KENYA – Tsavo, Kenya’s biggest park, is no stranger to bushfires. But this season, a significant increase has been reported with immense loss in biodiversity especially vegetation.
Huge bushfires have erupted in the park and its environs over the past two months with more than 800 square kilometres of vegetation destroyed. Covering an area of 21,000 square kilometres, and split into Tsavo East and West, the conservancy is home to hundreds of animals.
A spot check by the Nation around the affected areas revealed untold devastation on wildlife with habitat and biodiversity lost.
Government officials and environmental experts say the fires are the work of arsonists or may be unintentionally caused by people neighbouring the park, with a group of herders highly suspected to be behind it.
Pastoralists have for years used the park as grazing grounds.

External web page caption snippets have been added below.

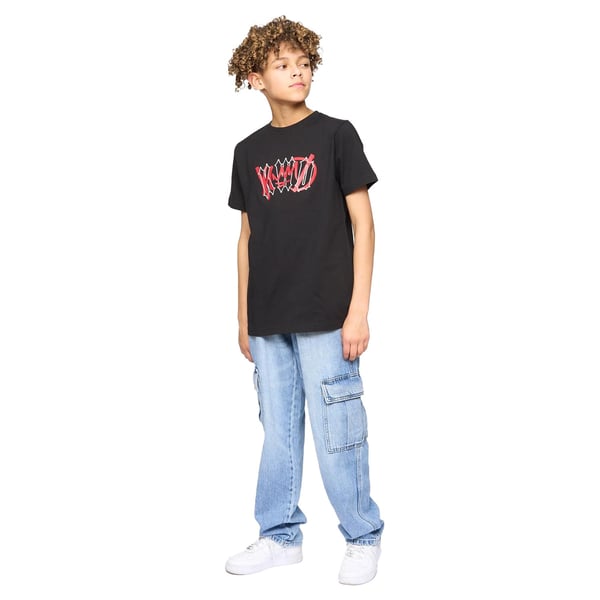 Kings Will Dream Boys Wicked T-Shirt
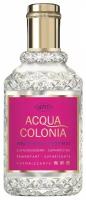 4711 одеколон Acqua Colonia Pink Pepper & Grapefruit, 50 мл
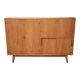 Meuble années 60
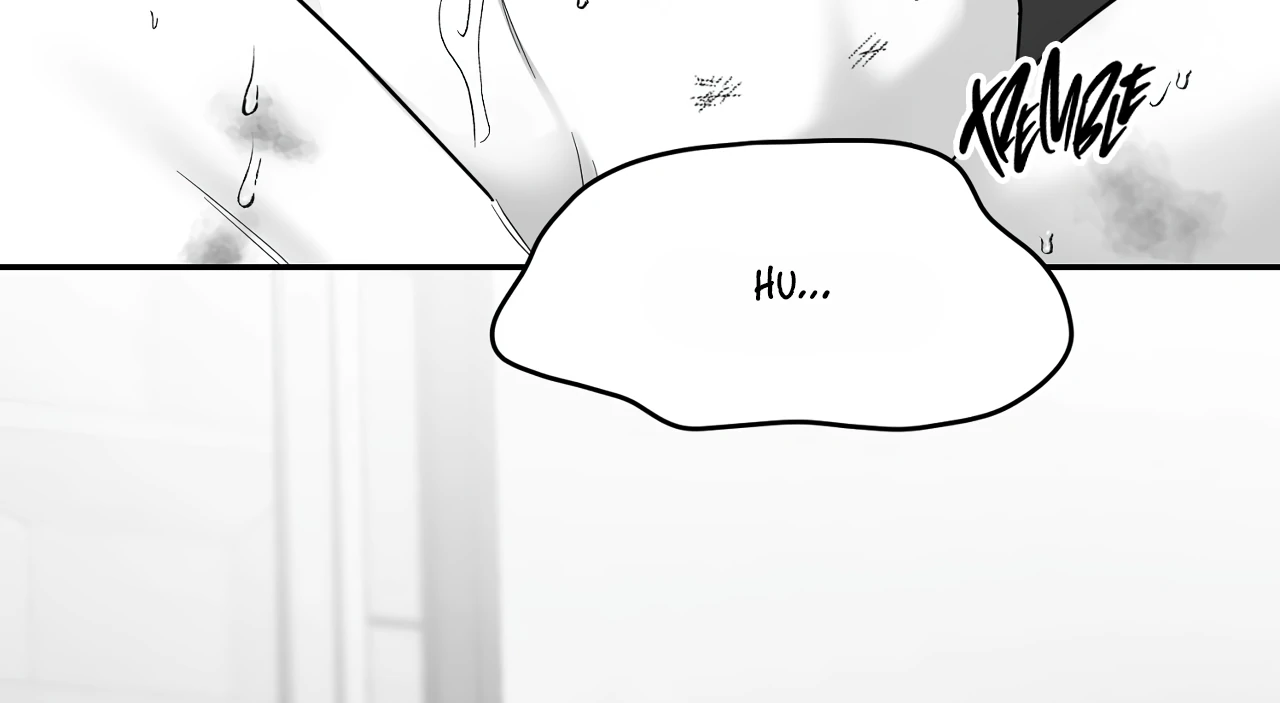 Read Non Zero Sum chapter 61 image 37 on Lezhin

Recently, the Kenya Wildlife Service (KWS) drove out livestock from the park a move that is believed could have triggered a retaliation by the herders.
Tsavo Conservancy Area (TCA) Assistant Director Robert Njue said the incidents started immediately after the livestock were impounded by KWS officers.
“We suspect that this is one of the causes but we guarantee that we will stop this unlawfulness,” he said. At Lumo conservancy, a source told the Nation that herders are forcing to graze their livestock near Lions Bluff Lodge despite having no agreement between them. The pastoralists however have an agreement with neighbouring Mramba ranch.
Ravaged by fire
“The contested area was recently ravaged by fire. We suspect that the herders might have had a hand in this,” said the source who sought anonymity for fear of being attacked by the herders.
The Nation established that a number of ranches have clashed with herders for illegally grazing in their rangelands.
“The herders use all means and attack those who prevent their animals from grazing. They will do anything to have their way,” the source revealed.
Traditional methods used by farmers to clear their land for agriculture has also been linked to the increased incidents. Coast regional commissioner John Elungata said the government is hot in pursuit of suspected arsonists.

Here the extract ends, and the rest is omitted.